If there’s one thing Italy does well (after gelato), it’s Villas. Villa d’Este was a fantastic example of this, Villa Borghese is another. Whilst the Palazzos and Castellos are interesting and impressive, the villa gives way from the regal, political and military to a more laid back take on Italian lifestyle, architecture and the outdoors, namely a garden. Well, perhaps estate, or in this case, park, are more appropriate descriptions. While the garden of many a villa is a triumph of landscaping, Villa Borghese is more like a rambling park.
It’s our last day in Rome and after a bit of a false start this morning (one tired and cranky child that needs to sleep), I set out this afternoon to check out the Villa which houses a Galleria of the same name. I meander through the gardens, up to the Villa only to find that I am a few minutes too late for the 1pm session. The next session is too late for me as I have promised to be back at the apartment by then. Whilst disappointed I intend to enjoy my last afternoon and set my mind to to enjoying the gardens and heading over to Villa de Medici instead.
The gardens are set in a rambling landscape in the English style. More park than gardens although it is high summer and quite dry, not quite as lush as you might find in England. The area was originally a vineyard which was taken over by Cardinal Scipione Borghese, nephew of Pope Paul V, who began transforming the site around into gardens around 1605. Today the parklands are public and there are plenty of attractions within the grounds.

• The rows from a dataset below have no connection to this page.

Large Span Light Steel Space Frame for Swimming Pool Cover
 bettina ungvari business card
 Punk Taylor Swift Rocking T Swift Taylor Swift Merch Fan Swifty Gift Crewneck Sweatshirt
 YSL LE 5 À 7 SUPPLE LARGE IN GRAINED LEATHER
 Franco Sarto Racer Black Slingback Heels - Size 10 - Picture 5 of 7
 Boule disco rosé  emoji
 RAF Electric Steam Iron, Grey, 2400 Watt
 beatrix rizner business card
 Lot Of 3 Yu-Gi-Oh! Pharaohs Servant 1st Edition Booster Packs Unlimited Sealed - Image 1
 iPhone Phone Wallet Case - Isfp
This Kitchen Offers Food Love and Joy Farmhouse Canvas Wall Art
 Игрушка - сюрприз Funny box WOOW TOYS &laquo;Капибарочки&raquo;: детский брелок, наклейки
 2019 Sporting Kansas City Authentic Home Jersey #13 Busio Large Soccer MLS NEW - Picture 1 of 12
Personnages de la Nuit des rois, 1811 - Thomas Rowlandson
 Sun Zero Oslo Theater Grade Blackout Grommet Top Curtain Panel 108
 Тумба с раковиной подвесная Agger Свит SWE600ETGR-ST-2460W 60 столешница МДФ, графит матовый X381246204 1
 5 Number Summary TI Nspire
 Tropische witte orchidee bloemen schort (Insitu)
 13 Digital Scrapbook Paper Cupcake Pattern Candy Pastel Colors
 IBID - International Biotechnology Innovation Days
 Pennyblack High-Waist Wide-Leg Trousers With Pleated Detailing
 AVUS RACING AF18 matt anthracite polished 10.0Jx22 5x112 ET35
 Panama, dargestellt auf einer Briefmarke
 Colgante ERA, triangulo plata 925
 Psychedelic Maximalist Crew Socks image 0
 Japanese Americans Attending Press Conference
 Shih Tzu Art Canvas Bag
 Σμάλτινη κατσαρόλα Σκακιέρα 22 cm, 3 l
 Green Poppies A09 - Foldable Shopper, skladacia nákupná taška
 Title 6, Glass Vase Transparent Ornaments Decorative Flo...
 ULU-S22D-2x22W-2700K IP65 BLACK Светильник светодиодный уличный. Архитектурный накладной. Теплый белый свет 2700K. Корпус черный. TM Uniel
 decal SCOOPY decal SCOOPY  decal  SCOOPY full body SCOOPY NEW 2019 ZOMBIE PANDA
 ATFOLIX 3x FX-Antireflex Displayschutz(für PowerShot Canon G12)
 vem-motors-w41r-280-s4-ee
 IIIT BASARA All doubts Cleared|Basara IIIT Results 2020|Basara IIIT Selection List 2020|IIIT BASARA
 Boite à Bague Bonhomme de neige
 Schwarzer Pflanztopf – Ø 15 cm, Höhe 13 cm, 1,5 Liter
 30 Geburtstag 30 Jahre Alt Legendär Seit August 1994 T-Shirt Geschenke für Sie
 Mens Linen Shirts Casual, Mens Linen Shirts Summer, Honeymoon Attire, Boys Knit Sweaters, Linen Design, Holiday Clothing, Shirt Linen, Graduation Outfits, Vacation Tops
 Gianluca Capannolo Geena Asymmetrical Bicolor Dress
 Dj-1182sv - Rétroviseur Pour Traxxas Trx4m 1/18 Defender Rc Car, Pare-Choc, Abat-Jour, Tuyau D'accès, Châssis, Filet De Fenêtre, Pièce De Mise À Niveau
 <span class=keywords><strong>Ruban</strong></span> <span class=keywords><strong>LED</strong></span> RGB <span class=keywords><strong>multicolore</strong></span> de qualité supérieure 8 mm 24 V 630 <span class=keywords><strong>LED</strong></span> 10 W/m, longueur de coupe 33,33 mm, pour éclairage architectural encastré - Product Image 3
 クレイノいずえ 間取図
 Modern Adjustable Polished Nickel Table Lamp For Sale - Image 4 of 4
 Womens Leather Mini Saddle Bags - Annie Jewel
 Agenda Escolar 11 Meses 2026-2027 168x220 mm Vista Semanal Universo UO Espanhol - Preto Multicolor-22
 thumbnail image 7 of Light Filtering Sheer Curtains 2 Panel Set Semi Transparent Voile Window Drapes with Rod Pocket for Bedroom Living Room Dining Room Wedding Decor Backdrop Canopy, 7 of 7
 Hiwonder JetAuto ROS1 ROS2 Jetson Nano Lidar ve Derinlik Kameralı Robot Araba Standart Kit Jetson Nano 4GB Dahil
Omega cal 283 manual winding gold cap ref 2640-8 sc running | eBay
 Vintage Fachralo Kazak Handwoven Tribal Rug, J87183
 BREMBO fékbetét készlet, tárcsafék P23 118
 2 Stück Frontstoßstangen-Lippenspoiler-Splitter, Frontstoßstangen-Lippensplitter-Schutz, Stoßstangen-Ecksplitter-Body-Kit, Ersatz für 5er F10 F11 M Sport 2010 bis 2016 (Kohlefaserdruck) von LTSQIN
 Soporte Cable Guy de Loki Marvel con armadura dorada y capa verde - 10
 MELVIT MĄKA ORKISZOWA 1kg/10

Along with the previously mentioned Galleria (art gallery), there’s the Piazza di Siena (Rome’s equestrian venue); Villa Giulia (which houses an Etruscan museum and originally built as a summer house for Pope Julius III around 1551); the Villa Medici (housing the French Academy in Rome); as well as a theatre; a zoo (Bioparco); and a Zoological Museum.
Since I approached the Galleria along Viale del Museo Borghese from Porta Pinciana (a gate of Rome’s Aurelian Wall), I turn and head west along Via dell’Uccellina towards the Bioparco and then cut through the grass towards Museo Pietro Canonica, past the Globe Theatre (replica of London’s) and Piazza di Siena along Viale Pietro Canonica.
I’m just wandering now, taking it all in, enjoying the walk and the Roman sunshine. I cross over the top of Viale San Paolo del Brasile and continue along Via della Magnolie, being sure to stop and admire the ancient brick walls holding up the overpass.
I head through Piazza Bucharest and pop out to a spectacular view of Casina Valadier on Viale Andamo Mickievicz (although in hindsight I wish I had taken the slight detour to Terraza del Pincio for the views to Piazza del Poppolo). Nevertheless, I continue along Viale della Trinuta dei Monti, arriving at Villa di Medici in time to be told that the last English tour has departed for the day. The next one, I am cheerfully told is at 3pm tomorrow afternoon. “That’s no good”, I explain “I leave in the morning, is there another tour I can join?”. My distress is met with a “no” and even more frustratingly a shrug and I turn away crestfallen, the two remaining items on my wish list out of reach.
I still have some time but no longer have a plan and after the last few hours of walking I’m almost done. I head back to the apartment via the Spanish Steps and try to enjoy my last moments of Rome. I have heard it said that you should always leave something undone so as to have a reason to come back. Well, as if Rome isn’t enough of itself to return to, now I have two additional reasons.
Good To Know
There are some museums and galleries that time their tickets for entry, Galleria Borghese and Villa Medici being two of them. Be sure to check the timetable and book tickets in advance where possible to avoid disappointment.
Would I Return?
Yes. On top of returning to Rome, just because, I now have two specific reasons to go back.